A avaliação do governo Luiz Inácio Lula da Silva (PT) no combate à corrupção divide a opinião dos brasileiros, mas a maioria aponta piora. Levantamento do PoderData concluiu que 47% dos entrevistados consideram que as irregularidades aumentaram desde que o petista assumiu seu terceiro mandato, há quase três anos e meio.
De acordo com a pesquisa, realizada entre 30 de maio e 1º de junho de 2026, outros 28% dos participantes acham que o nível de corrupção permaneceu igual. Já 21% disseram que houve redução. Os 5% restantes não souberam ou não quiseram responder.
O percentual dos que enxergam melhora subiu três pontos em relação ao levantamento anterior – na ocasião, 18% viam queda na corrupção. Naquele período, o governo lidava com as consequências dos descontos irregulares em aposentadorias do INSS, caso que envolveu Fábio Luís Lula da Silva, o Lulinha, filho mais velho do presidente. O site Poder360 revelou, em dezembro de 2025, que Lulinha mantinha uma relação próxima e possível sociedade empresarial com Antônio Carlos Camilo Antunes, conhecido como “Careca do INSS”.
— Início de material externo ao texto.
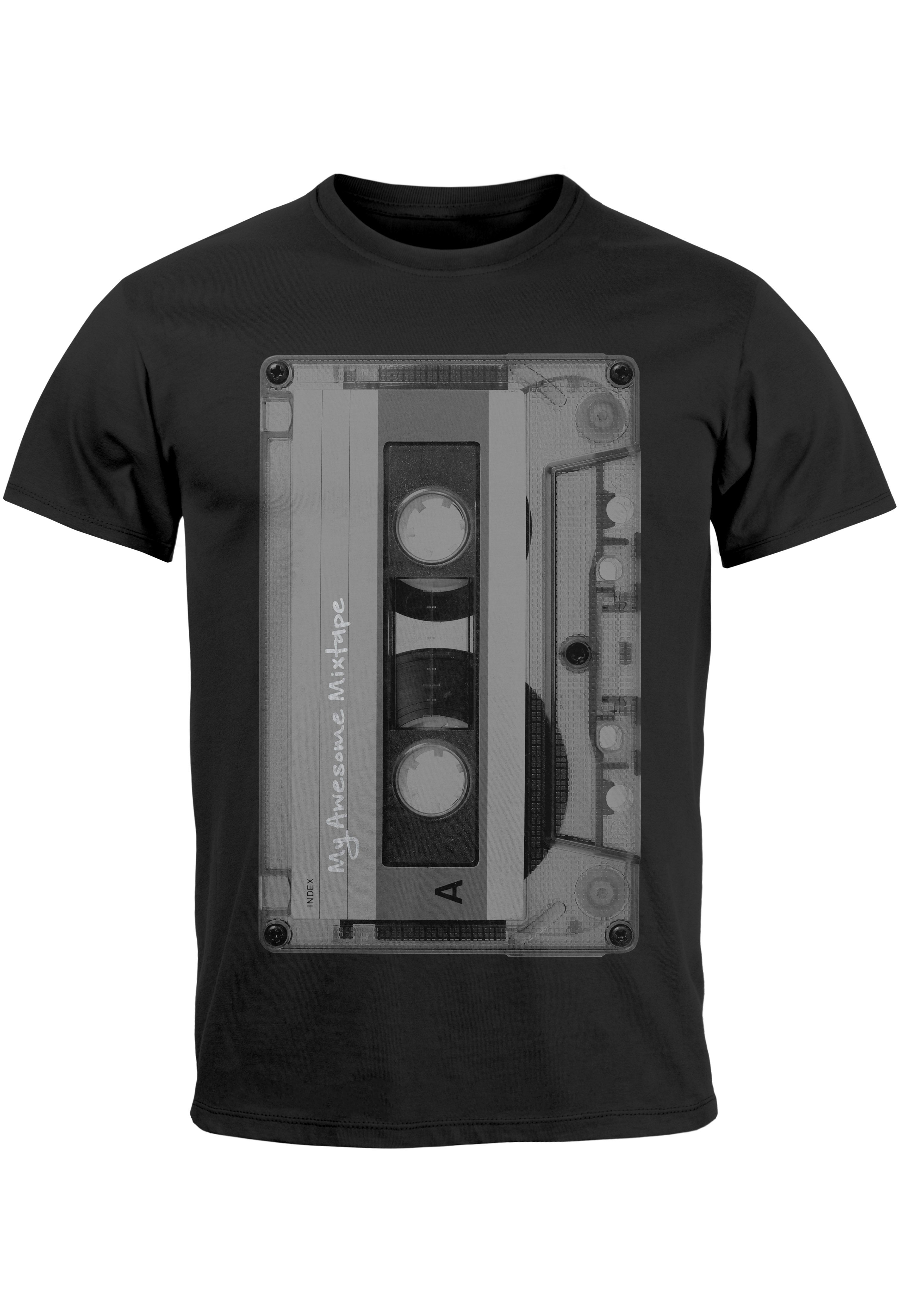 Herren T-Shirt Retro Motiv 80er Jahre Mixtape Kassette Oldschool Fashion Streetstyle Neverless® 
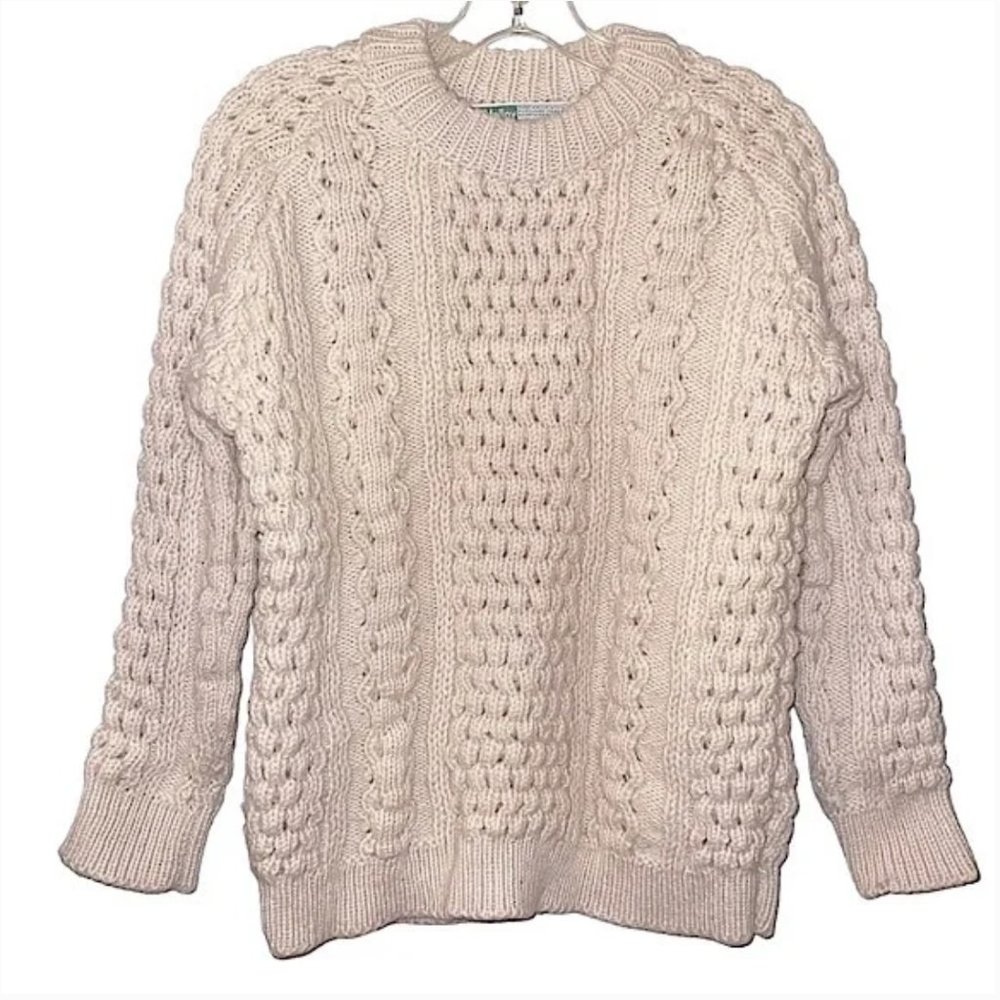Vintage Irish Wool Cable Knit Fisherman’s Sweater Size Small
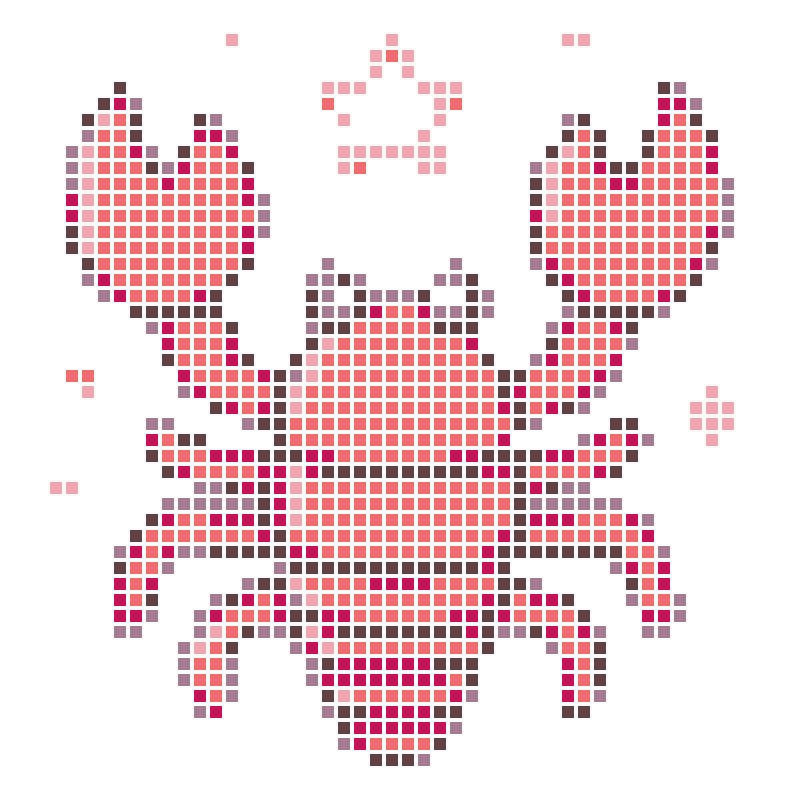 Cute pink cartoon crab paired with star decorations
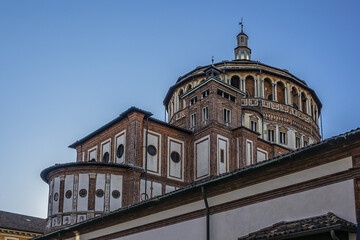 Fototapeta na wymiar Church of Saint Maria Grazie (Basilica di Santa Marie delle Grazie, XV century) - Renaissance style, listed as World Heritage by UNESCO. Milan, Lombardy, Italy.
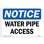 Water Pipe Access Sign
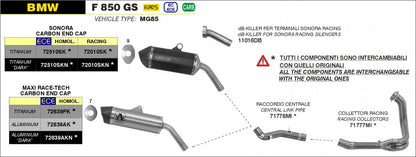 ARROW Maxi Race-Tech aluminum exhaust, homologated for the BMW F 750 GS 21-24 | F 850 GS 21-24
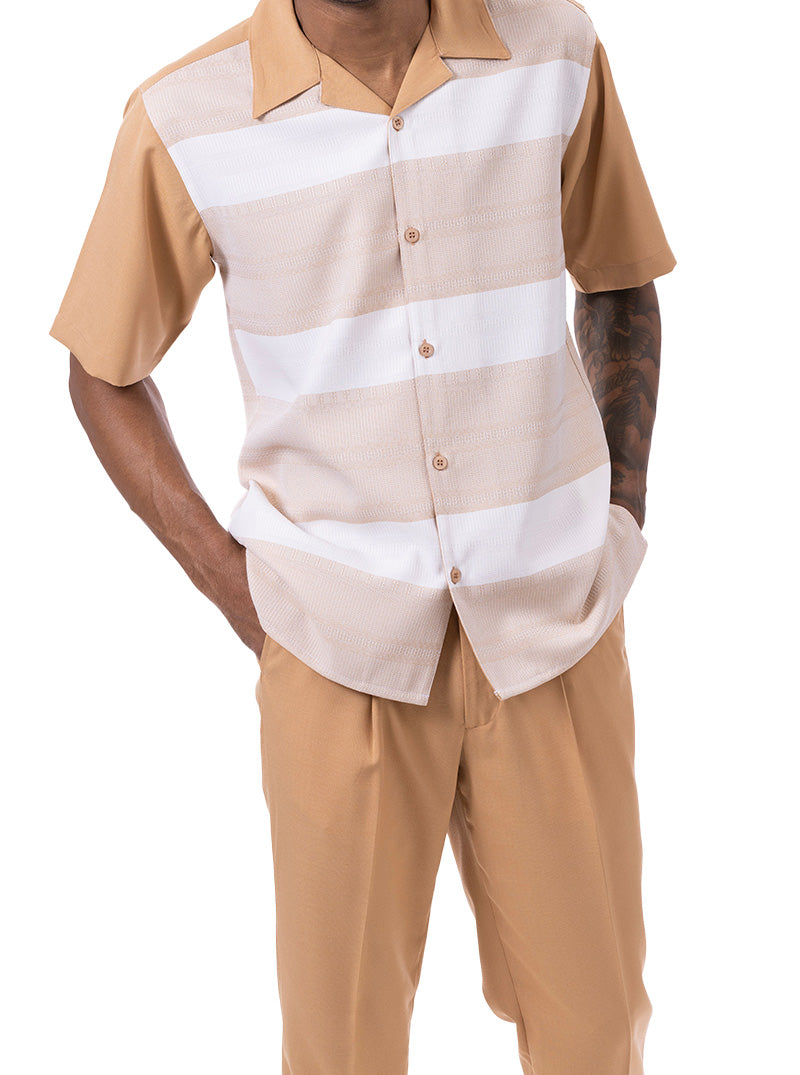 Tan Horizontal Stripes Design 2 Piece Short Sleeve Walking Suit Set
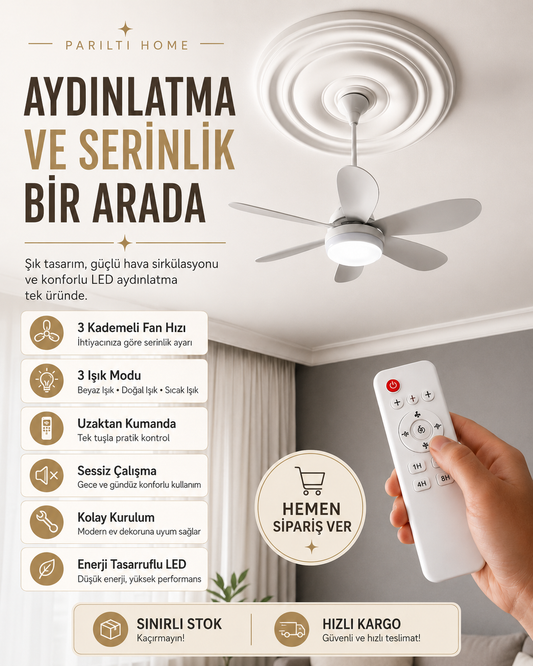 Parıltı Home Uzaktan Kumandalı LED Tavan Tipi Fan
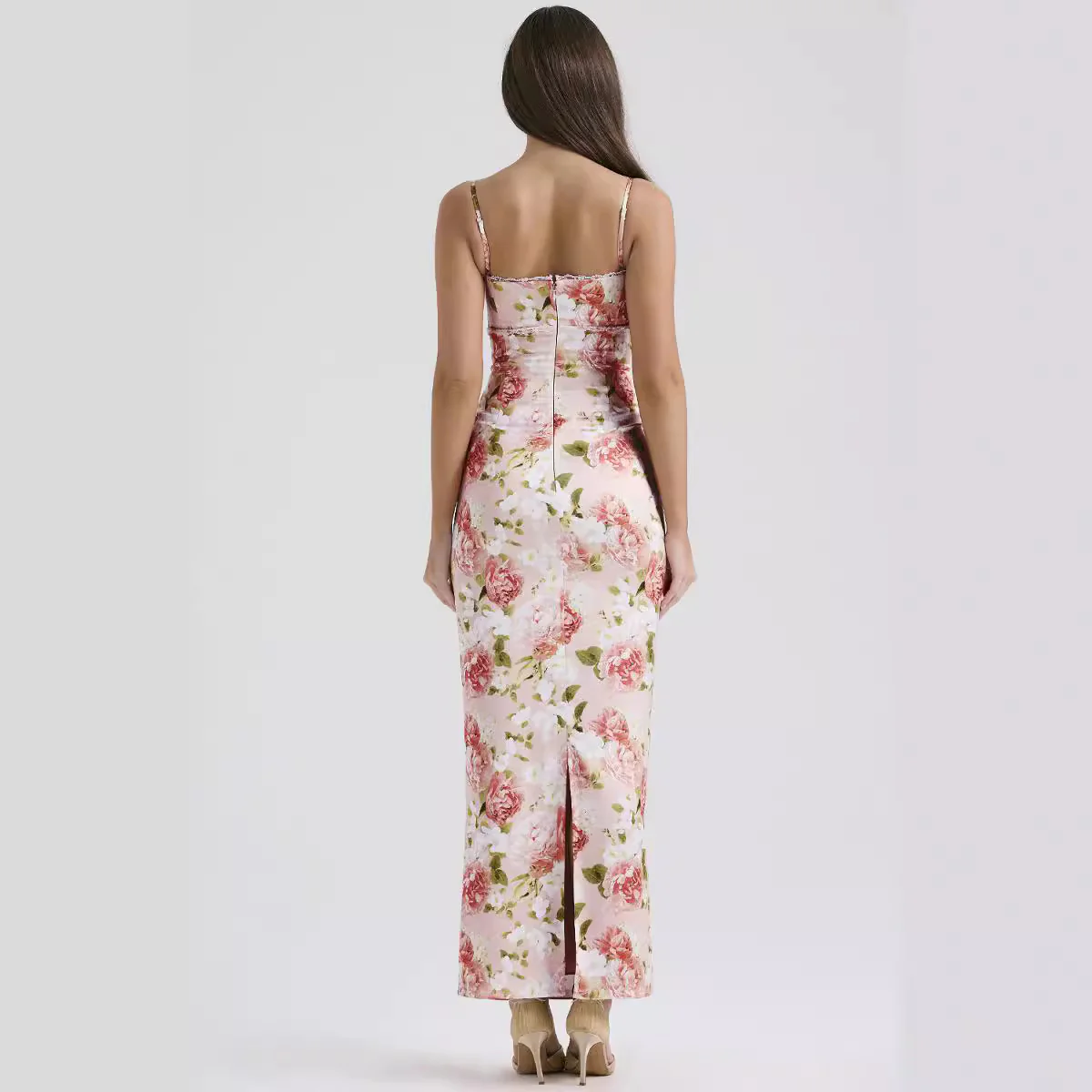 Damen Blumenkleid mit tailliertem Oberteil und schwingendem Saum R&B - Image 3
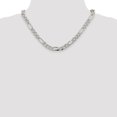 thumbnail image 2 of Diamond2Deal 925 Sterling Silver 8mm Pav‚ Flat Figaro Chain Necklace for Men 18", 2 of 6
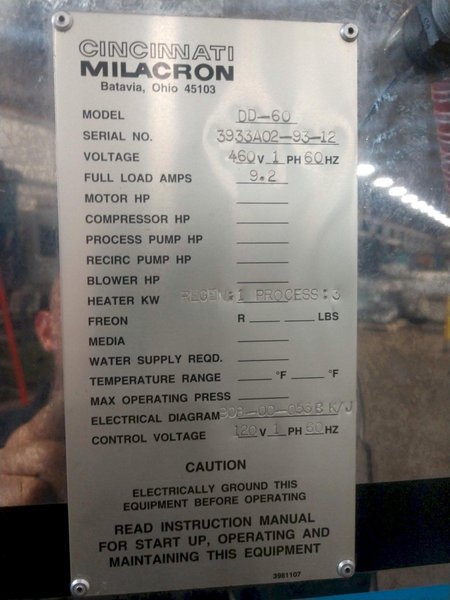 CINCINNATI MILICRON MODEL DD-60 HOPPER DRYER: STOCK #13536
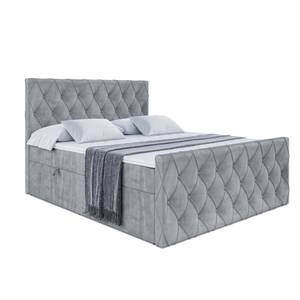 ALTDECOR Boxspringbett mit Topper - AMAY Hellgrau - Breite: 200 cm - H3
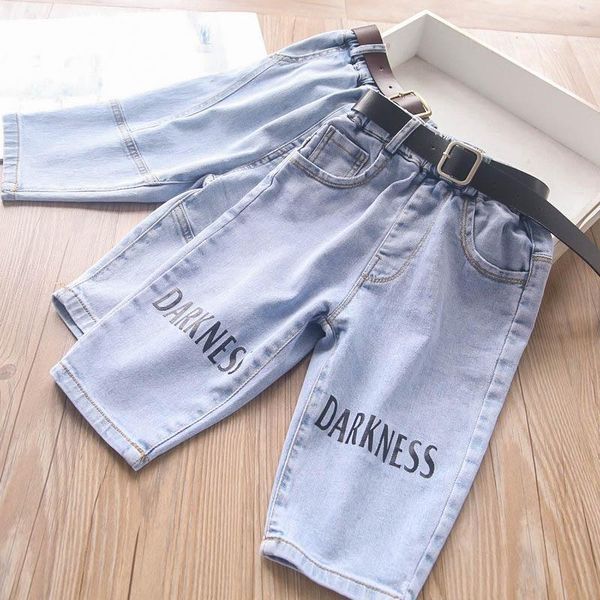 

baby girls pants knee-length with belt trousers, Blue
Já na edição mais recente da pesquisa, o cenário é outro. O governo enfrenta agora a repercussão do escândalo envolvendo o Banco Master. Em novembro de 2025, o Banco Central decretou a liquidação extrajudicial da instituição, citando crise de liquidez, falhas na gestão de riscos e descumprimento de normas do Sistema Financeiro Nacional. Daniel Vorcaro, fundador do banco, foi preso. Ele se reuniu com Lula e visitou o Palácio do Planalto pelo menos quatro vezes em 2023 e 2024.
Como a pesquisa foi feita
O PoderData é uma empresa do grupo Poder360 Jornalismo. O levantamento foi feito com recursos próprios, por meio de ligações para celulares e telefones fixos. Foram 2.500 entrevistas realizadas em 166 municípios de todas as 27 unidades da federação. A margem de erro é de dois pontos percentuais, e o nível de confiança é de 95%.
Para garantir que os entrevistados representem proporcionalmente a população por sexo, idade, renda, escolaridade e localização, a equipe chega a fazer mais de 100 mil chamadas até completar as 2.500 entrevistas necessárias.
Fonte; Gazeta Brasil.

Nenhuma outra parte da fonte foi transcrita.